Stored data:
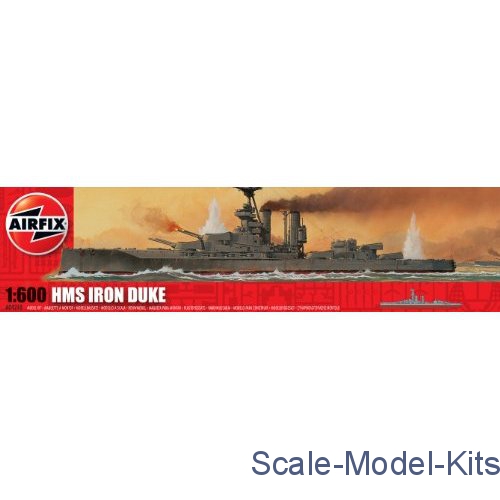 Airfix HMS Iron duke plastic scale model kit in 1600 scale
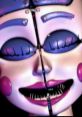 Ucn Voicelines character with a mechanical smile and vibrant makeup, showcasing a unique robotic design.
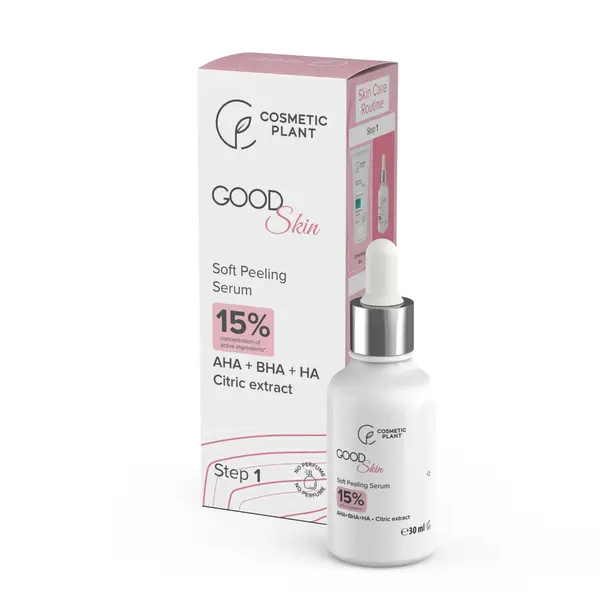 Ser pentru peeling cu AHA+BHA+HA si extract de citrice Good Skin, 30ml, Cosmetic Plant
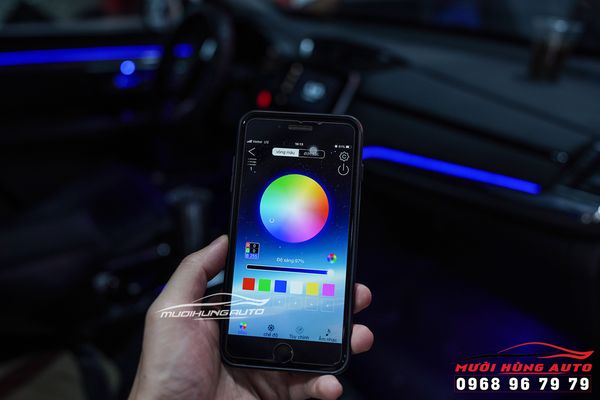 Bộ Đèn LED Nội Thất Dạng Thanh Độc Đáo Lắp Cho Xe Honda CRV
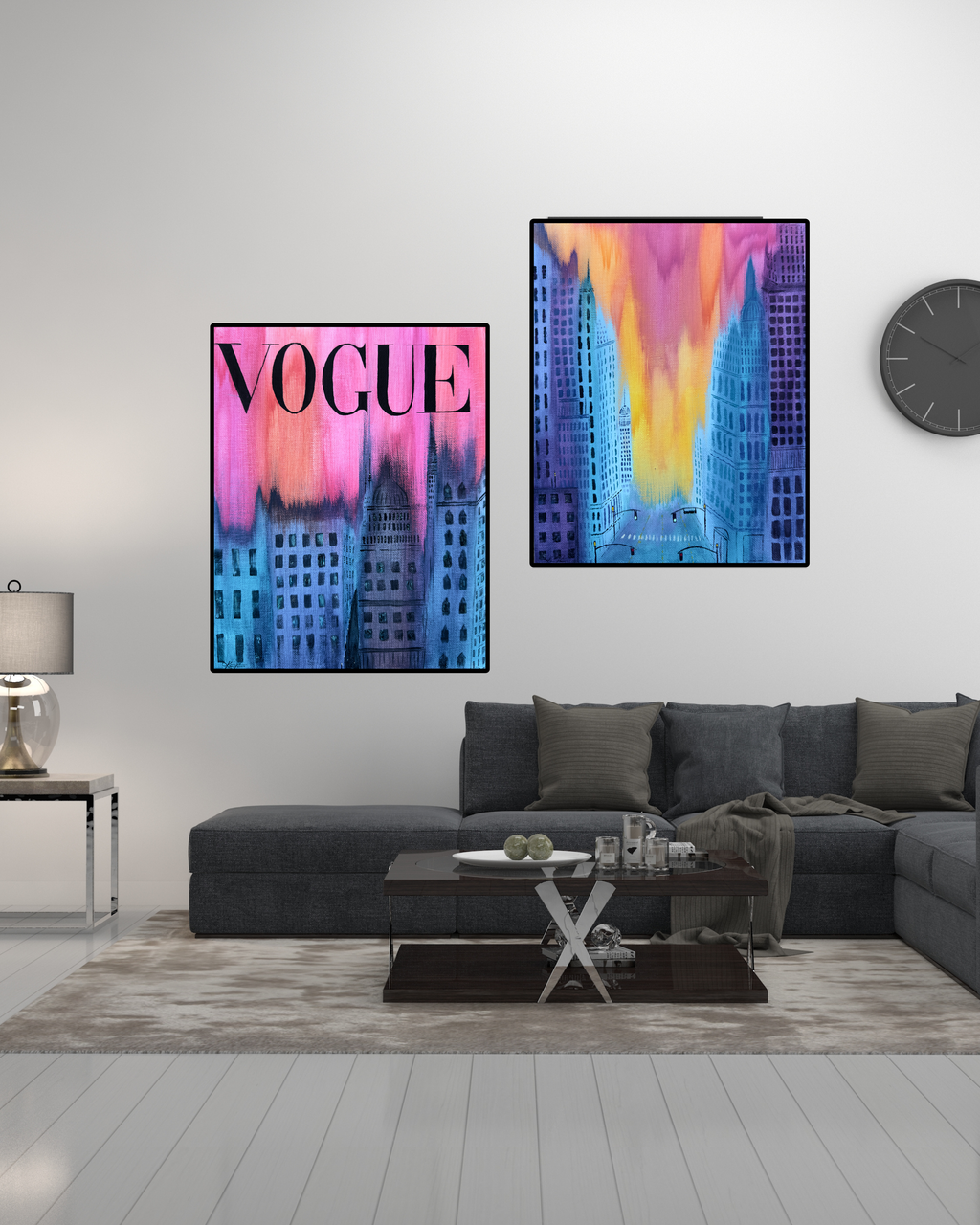 "City Glow" Poster Print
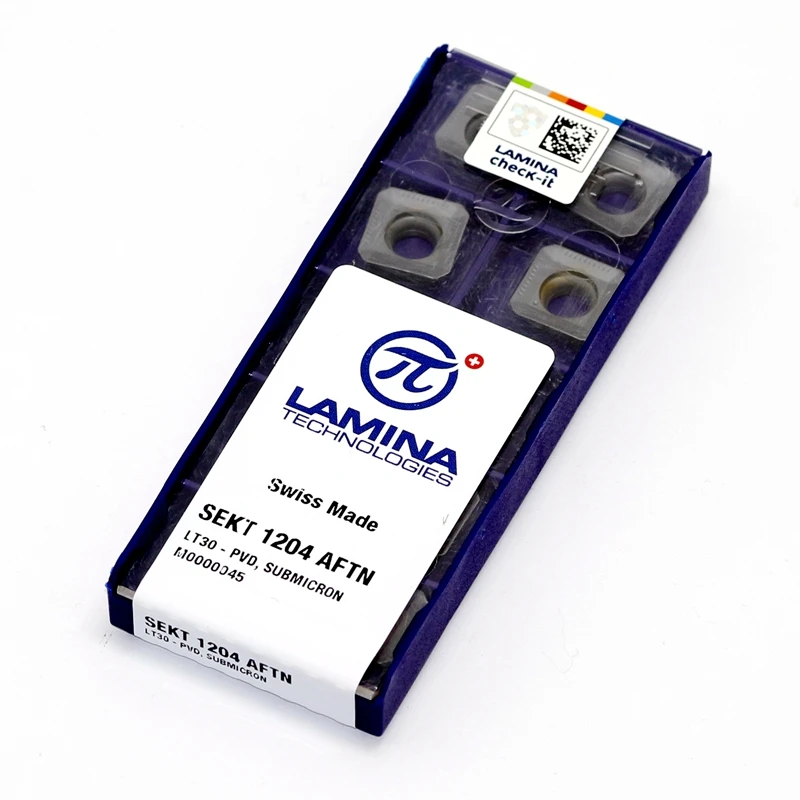 SEKT1204 AFTN LT30 LAMINA фрезерные Вставки для фрезерного станка с ЧПУ работы со сталью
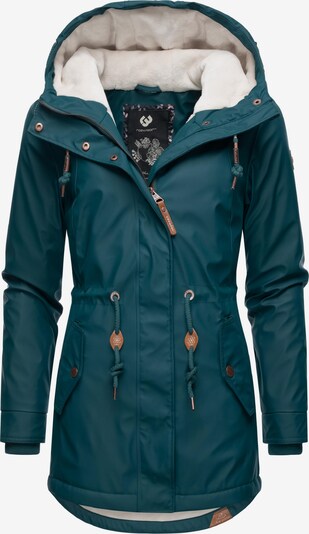 Ragwear Weatherproof jacket 'Monadis' in Brown / Green / White, Item view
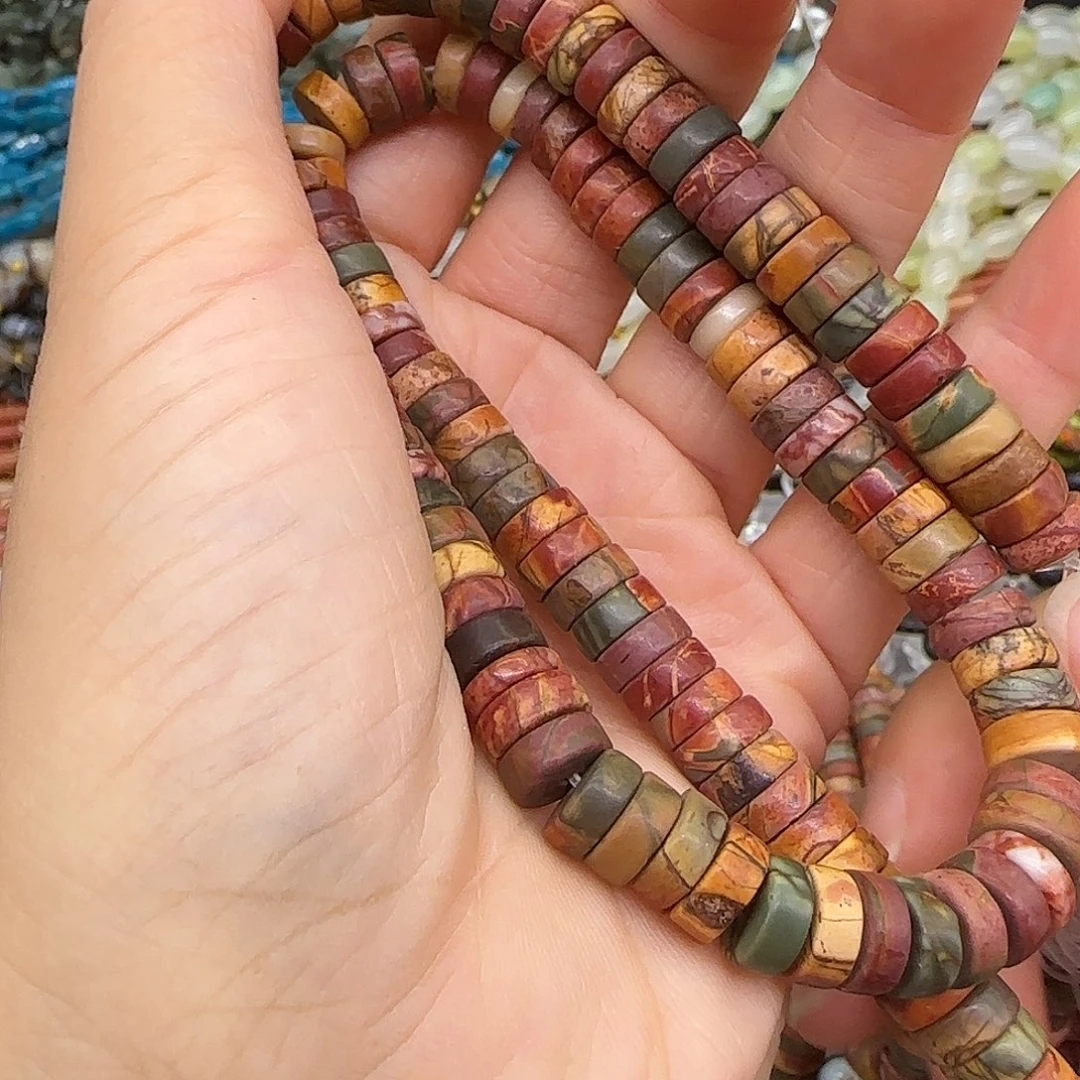 玛瑙/玉髓合金珠宝半成品毕加索石8mm一条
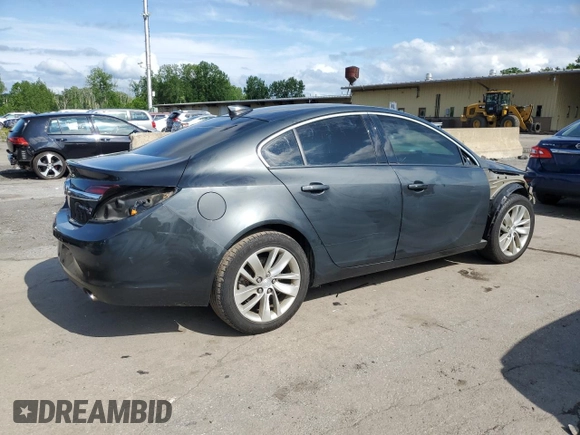 2016 Buick Regal Premium II with VIN 2G4GT5GX1G9192238, listed as a Copart auction lot 59184885 with 71,275 mi miles and Salvage title. Bid and sale history available at DreamBid. Image 3.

Instructions for the task: Could you write out verbatim only those lines that run from the line containing "SEKT1204 AFTN LT30" through the end of the listing above, both included, without the pictures?

Solution to the exercise:
 SEKT1204 AFTN LT30 LAMINA фрезерные Вставки для фрезерного станка с ЧПУ работы со сталью
 Ragwear Weatherproof jacket 'Monadis' in Brown / Green / White, Item view
 玛瑙/玉髓合金珠宝半成品毕加索石8mm一条
 2016 Buick Regal Premium II with VIN 2G4GT5GX1G9192238, listed as a Copart auction lot 59184885 with 71,275 mi miles and Salvage title. Bid and sale history available at DreamBid. Image 3.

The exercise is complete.